WAL-MART PRODUCE GOING UP FRONT AND ETHNIC
BENTONVILLE, Ark. -- Wal-Mart Stores here has moved produce to the front of more than 125 supercenters as part of a greater commitment to the department and to boosting sales.The chain has also begun to act on a plan to remerchandise the produce departments with a bent toward ethnic and regional preferences."We absolutely believe that [these moves] will have a great impact on sales," Nick White, executive
December 16, 1996
RALPH RAIOLA
BENTONVILLE, Ark. -- Wal-Mart Stores here has moved produce to the front of more than 125 supercenters as part of a greater commitment to the department and to boosting sales.
The chain has also begun to act on a plan to remerchandise the produce departments with a bent toward ethnic and regional preferences.
"We absolutely believe that [these moves] will have a great impact on sales," Nick White, executive vice president for supercenters, told SN.
In existing stores, the chain has been changing the layouts to get produce up front, while the strategy is being built into the design of new stores, White said.
"We're locating produce at the front of all of our stores with the exception of the smallest ones," he explained. "To go back and retrofit all our stores is not in our interest at this point."
While stepping up the regional, ethnic and even economic awareness of the department is more of a philosophical change, it does involve some reworking of the product mix, White said.
This new twist in ethnic and regional emphasis is a product of monthly consumer focus groups that allow consumers to voice their opinions regarding how the stores provide for local communities, White said.
"We've just given it more emphasis in 1996, and we'll give it more emphasis in 1997," White said. "We continue to stress regionally correct, ethnically correct and economically correct merchandising."
The chain is not necessarily expanding the departments to accommodate this philosophy, and stores must work with what they have, he added. "We may have to reduce the amount of space we use with the regular [produce] program."
White said the most involved part of the program is figuring out what consumers are looking for, and then acquiring those products.

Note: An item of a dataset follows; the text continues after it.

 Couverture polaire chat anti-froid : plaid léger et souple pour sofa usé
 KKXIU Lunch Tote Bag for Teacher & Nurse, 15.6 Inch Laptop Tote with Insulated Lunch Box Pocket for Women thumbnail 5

The effort is worth it, he said, when you consider the alternative. "If you don't have it, they'll find it somewhere else."
Stores are not likely to carry specific products unless they are in great demand by consumers in the neighborhood. "We've got to have a big enough following [to stock a product]," White said.
Aside from the monthly focus groups, Wal-Mart is using its regional buyers in each of the chain's warehouses as another effective way to keep up with what consumers are calling for. Regional buyers are given 80 to 100 stores to cover, which White believes allows them to remain up to date on consumers' needs.